This project contains extensions to nutch to allow indexing of collections used in the TREC conference (primarily focusing on the .GOV2 collection and Terabyte track) and searching of those collections in a format compatible with trec_eval and others.
To build you need a JDK, ant and the nutch sources. The ant buildfile
assumes the nutch sources are in the subdirectory nutch/. So if
you have a checkout of the nutch subversion repository:
$ cd ${ARCHIVE_ACCESS}/projects/nutch-trec
$ ln -s ${NUTCH_SVN}/trunk nutch
$ ant
The parser for the TREC format is generated from a JavaCC grammar. If you wish to rebuild the JavaCC generated sources from the .jj javacc file you need a copy of JavaCC in JavaCC/, eg:
$ cd ${ARCHIVE_ACCESS}/projects/nutch-trec
$ ln -s ${JAVACC_HOME} JavaCC
$ ant javacc
The default ant build target (jar) will build a nutch-trec.jar
in the build/ subdirectory.
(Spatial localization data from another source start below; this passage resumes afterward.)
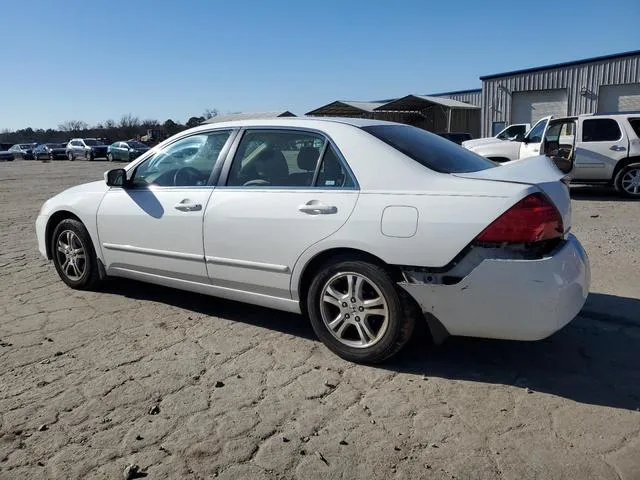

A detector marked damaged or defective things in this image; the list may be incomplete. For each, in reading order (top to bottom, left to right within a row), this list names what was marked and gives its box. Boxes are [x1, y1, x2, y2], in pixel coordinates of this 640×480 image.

cracked asphalt [1, 159, 640, 478]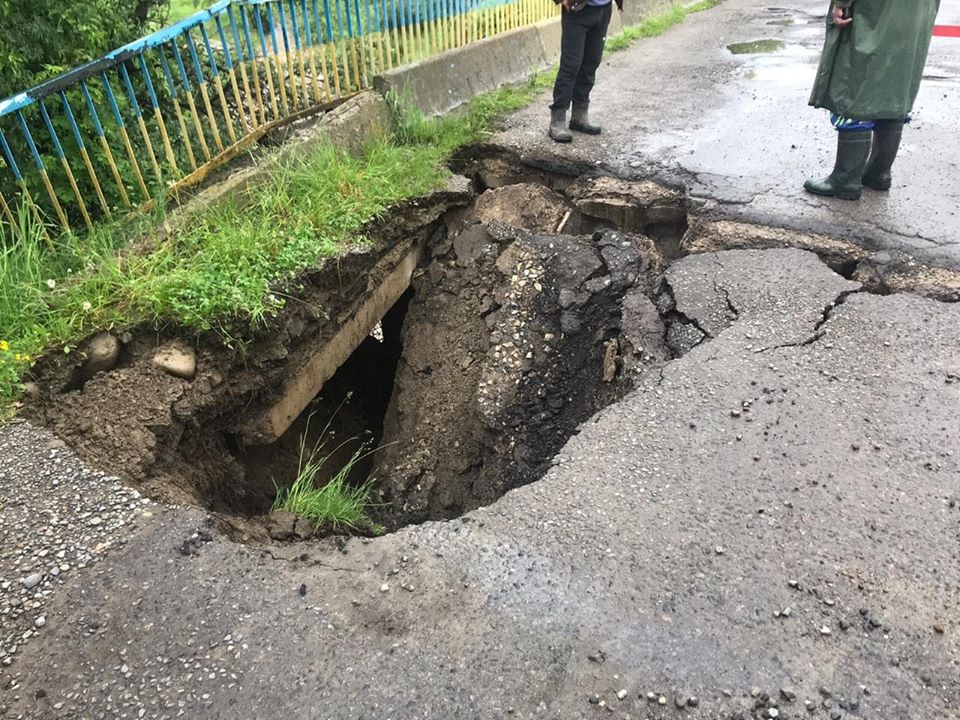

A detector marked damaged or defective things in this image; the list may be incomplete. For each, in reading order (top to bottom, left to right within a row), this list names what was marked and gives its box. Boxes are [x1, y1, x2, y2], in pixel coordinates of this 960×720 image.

cracked asphalt [496, 0, 960, 270]
cracked asphalt [1, 249, 960, 720]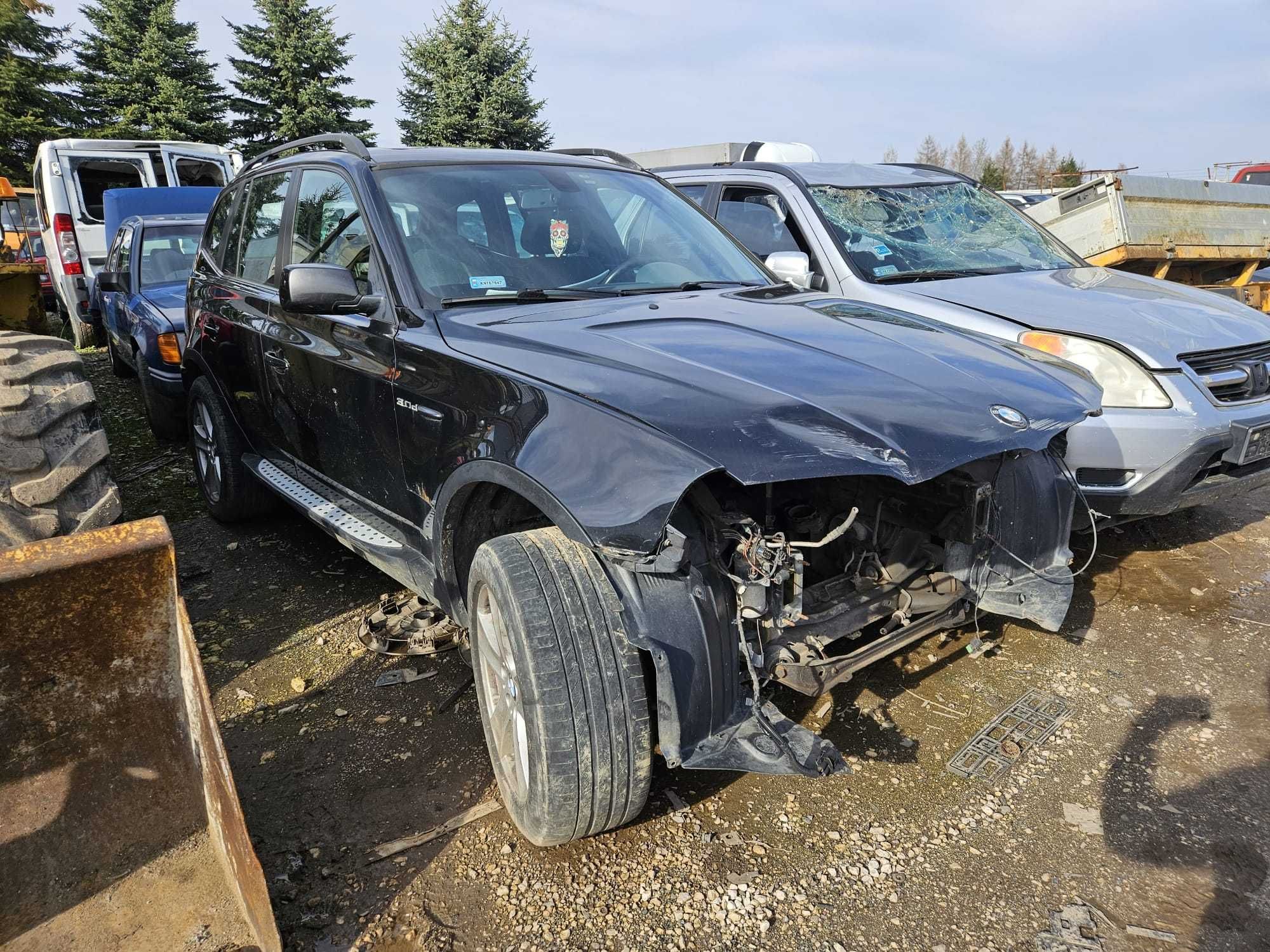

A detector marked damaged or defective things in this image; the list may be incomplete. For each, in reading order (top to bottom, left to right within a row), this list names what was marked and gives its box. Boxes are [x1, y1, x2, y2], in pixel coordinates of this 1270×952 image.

crumpled hood [140, 282, 189, 333]
crumpled hood [439, 291, 1102, 485]
broken windshield [808, 180, 1077, 282]
crumpled hood [904, 265, 1270, 368]
crashed black bmw x3 [184, 136, 1107, 848]
damaged front bumper [599, 452, 1077, 777]
rusty bucket [0, 523, 281, 952]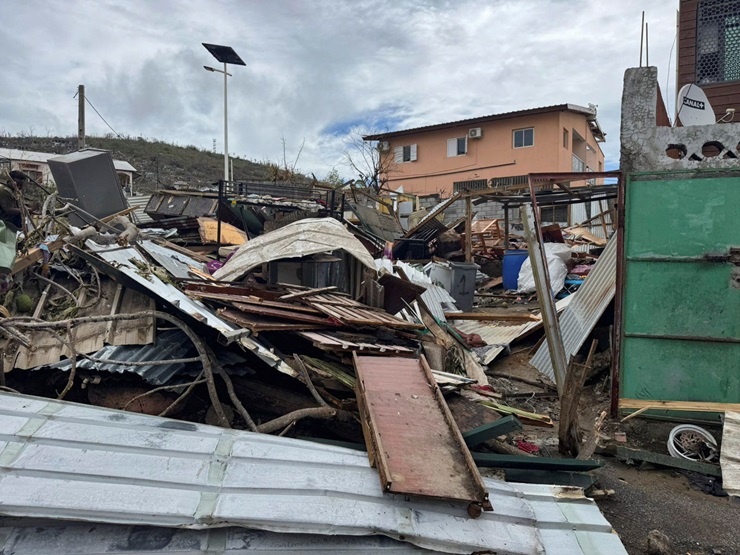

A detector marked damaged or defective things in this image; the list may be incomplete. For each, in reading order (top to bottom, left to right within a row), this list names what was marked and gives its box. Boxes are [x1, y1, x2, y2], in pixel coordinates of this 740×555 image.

broken wood plank [354, 356, 492, 512]
broken wood plank [462, 414, 520, 450]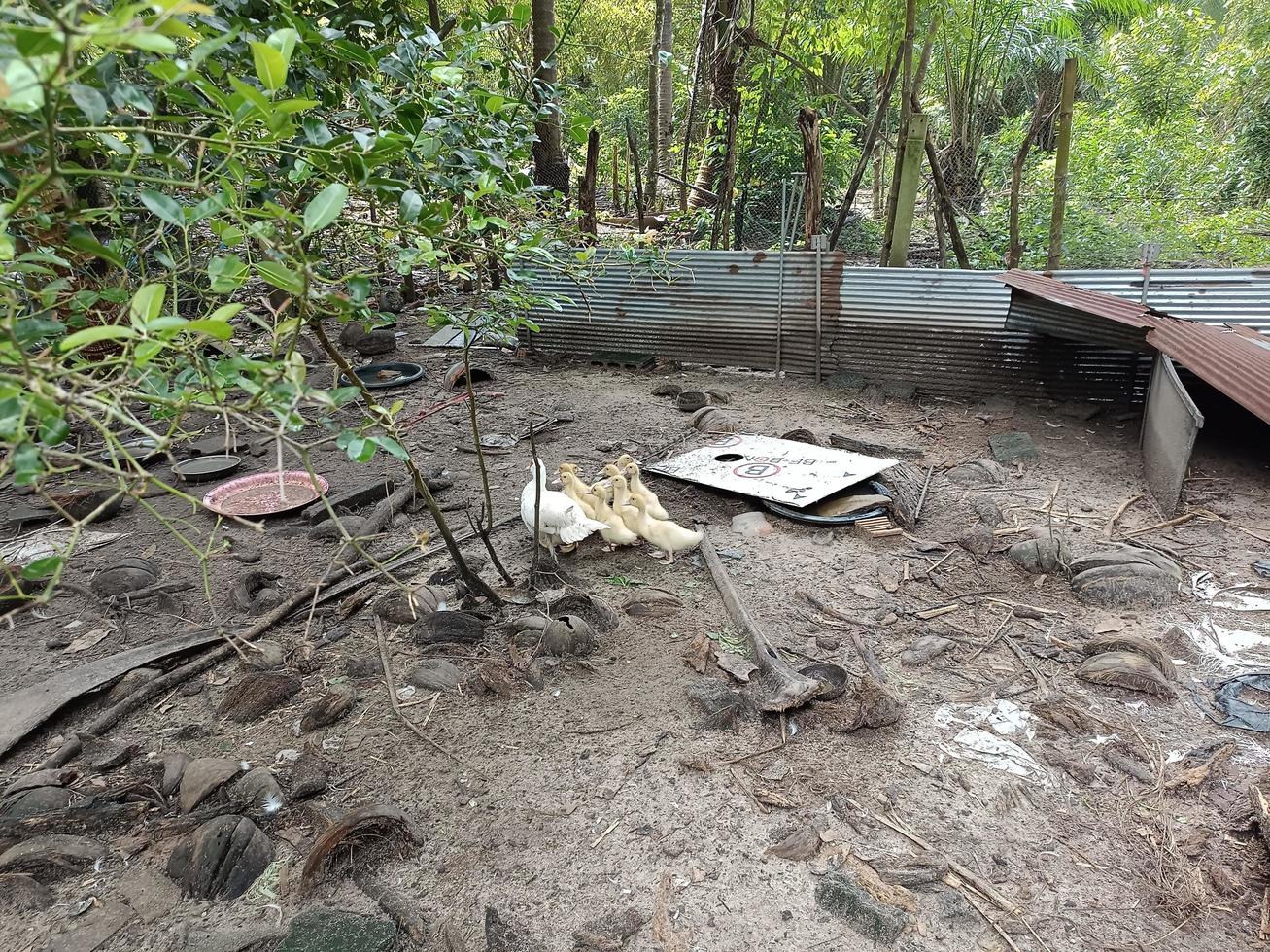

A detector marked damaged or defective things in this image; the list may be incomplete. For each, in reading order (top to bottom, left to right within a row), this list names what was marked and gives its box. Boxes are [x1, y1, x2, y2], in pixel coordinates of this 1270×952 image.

rusty metal roofing [995, 272, 1267, 427]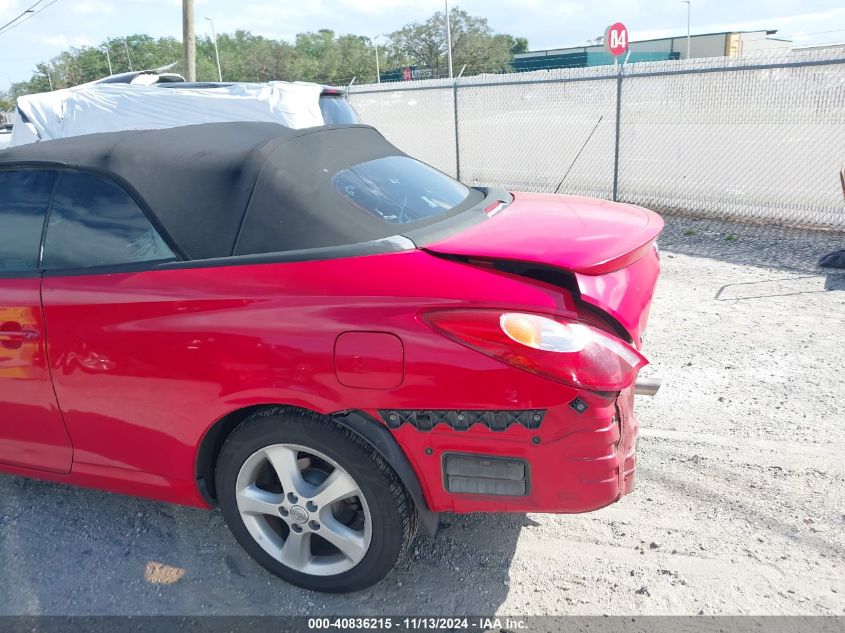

As part of the build,
a symlink will also be added under ${NUTCH_HOME}/build to the
generated nutch-trec.jar -- named nutch-trec.job --
so we can get TREC querying classes onto the nutch CLASSPATH.
To index a collection you need to patch the bin/nutch
script to accept Hadoop
job jars (see:https://issues.apache.org/jira/browse/NUTCH-352).
If you wish to run with a distributed hadoop configuration you'll have to
change the config files appropriately.
To index in standalone mode:
$ ${NUTCH_HOME}/bin/nutch jar ${NUTCH-TREC_HOME}/build/nutch-trec.jar \
/input/directory /output/directory
Where /input/directory is an existing directory containing
text files with the locations of collection files to be indexed (one
location per line). The referenced collection files can be local
(/path/to/file.gz) or remote over http
(http://domain.com/path/to/file.gz), uncompressed or
gzipped (denoted by a .gz suffix). The collection files
are assumed to be in the
general format used in .GOV(2).
The above step results in at least one
/output/directory/segments/timestamp/ being created. Nutch
itself is then used to build an index:
$ ${NUTCH_HOME}/bin/nutch updatedb /output/directory/crawldb \
/output/directory/segments/timestamp
$ ${NUTCH_HOME}/bin/nutch invertlinks /output/directory/linkdb \
/output/directory/segments/timestamp
$ ${NUTCH_HOME}/bin/nutch index /output/directory/indexes \
/output/directory/crawldb /output/directory/linkdb \
/output/directory/segments/timestamp
In our experience, indexing the gov2 collection took a few days on a rack of 20-odd dual-core 2Ghz Athlon machines. Also, the parser, as of 09/2006, fails on some of the gov2 collection documents -- to be fixed -- and the gov2 redirects are not yet considered.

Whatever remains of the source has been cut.